# Musik von fsb zu mp3 oder wav aber mit welchem programm?



## drifterusa (18. April 2008)

Ich wollte fsb dateien in mp3 oder wav umwandeln aber ich weiß nicht mit welchem programm!

kann mir bitte jemand einen download link schicken 

danke im vorraus 

mfg


----------



## Herbboy (18. April 2008)

drifterusa am 18.04.2008 15:40 schrieb:
			
		

> Ich wollte fsb dateien in mp3 oder wav umwandeln aber ich weiß nicht mit welchem programm!
> 
> kann mir bitte jemand einen download link schicken
> 
> ...


woher sind denn fsb-dateien?


----------



## drifterusa (19. April 2008)

Herbboy am 18.04.2008 16:17 schrieb:
			
		

> drifterusa am 18.04.2008 15:40 schrieb:
> 
> 
> 
> ...



ich hab die in ein paar spiele odnern gefunden und wollte sie mir anhören


----------



## bierchen (19. April 2008)

drifterusa am 19.04.2008 10:49 schrieb:
			
		

> Herbboy am 18.04.2008 16:17 schrieb:
> 
> 
> 
> ...


Bist Du sicher, dass es sich dabei um Audio-Dateien handeln?

Aber probier mal, sie mit SUPER umzuwandeln: http://super.softonic.de/


----------



## Solon25 (19. April 2008)

filext.com sagt dazu:

FMOD Sample Bank Format (Firelight Technologies Pty, Ltd.)
SlidePro.Project   %ProgramFiles%\DATA BECKER\TV FotoShow\*fsb*.exe

Bezweifle auch mal das es eine Sounddatei ist


----------



## drifterusa (19. April 2008)

Soll das bei der anderen anwort ein link sein?

ich bin mir ziemlich sicher das es audio ist weil es in einem sound ordner ist!´

also mit super geht das auch nicht! ich gern ein programm womit ich es wnigstens mal anhören könnte!


----------



## Solon25 (19. April 2008)

Naja, hab mal geschaut, das Format wird da scheinbar bei Konsolen benutzt.
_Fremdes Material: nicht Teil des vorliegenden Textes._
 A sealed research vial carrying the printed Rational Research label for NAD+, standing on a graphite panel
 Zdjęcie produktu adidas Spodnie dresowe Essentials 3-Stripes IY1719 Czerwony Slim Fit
Denoch ist die Lage nicht aussichtslos. Scheint hier den Player dafür zu geben und hier die Anleitung wie es auf dem PC anhören kannst. Ist aber eine Windows-32 Anwendung!


----------



## drifterusa (20. April 2008)

Solon25 am 19.04.2008 18:58 schrieb:
			
		

> Naja, hab mal geschaut, das Format wird da scheinbar bei Konsolen benutzt. Denoch ist die Lage nicht aussichtslos. Scheint hier den Player dafür zu geben und hier die Anleitung wie es auf dem PC anhören kannst. Ist aber eine Windows-32 Anwendung!



jup danke ich hab auch windows 32 auch danke für die schnellen antworten!


----------